In both schemes, the adoption of capacity sharing by irrigators is voluntary. Adoption rates show that, among eligible irrigators, the take up of capacity sharing has been strong. As of the 2008-09 water year, more than 99 per cent of entitlements by volume were operating under capacity sharing at St George and more than 98 per cent at MacIntyre Brook, in its first year in operation.
Aggregate water accounts were constructed for both St George (for four water years) and MacIntyre Brook (the first six months of operation). These accounts show monthly aggregate water inflows, withdrawals, storage losses and reconciliation volumes for the two capacity sharing schemes.
The St George water accounts show significant end of year storage reserves, despite the relatively low inflows during the period and the relatively high storage losses. The water accounts also show how annual storage reserves serve to minimise variation in water use between years and within years. For example, the storage reserves proved particularly useful during the 2006-07 year when minimal inflows were received.
User level water accounting data from the two capacity sharing schemes are also presented in the report. The user level data demonstrate the extent of variation in water use/storage strategies across individual irrigators. For example, significant variation is observed in the end of year storage levels (account balances) of individual users in the capacity sharing system at St George.
The user level data presented in the report demonstrate that even in relatively small systems, with limited diversity in agricultural activity, individual irrigators display highly variable water use/storage preferences. As noted in the first report of this project (Hughes and Goesch 2009), one of the advantages of capacity sharing is that it permits irrigators to adopt diverse water use/storage strategies, without affecting other irrigators in the same system.
User level inflow data were used to estimate internal spill volumes for St George. Internal spills occur when an individual capacity share becomes full and receives surplus inflows (while other users’ shares are less than full), necessitating the reallocation of surplus water to other water users.

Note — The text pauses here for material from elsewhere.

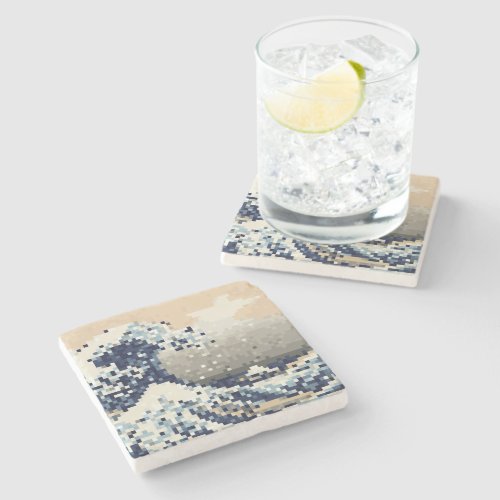 The Great Wave off Kanagawa 8 Bit Pixel Art Stone Coaster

The estimates of internal spills show that internal spill events at St George are relatively infrequent. However, there were a small number of particularly large internal spill events. These internal spill events were exclusively associated with extreme high inflow events, where the main dam filled (from in some cases less than half full) in only a few days. It is likely that in other systems with greater storage capacity and less variable inflows than St George (such as those further south in the MDB), internal spill volumes would be significantly lower on average.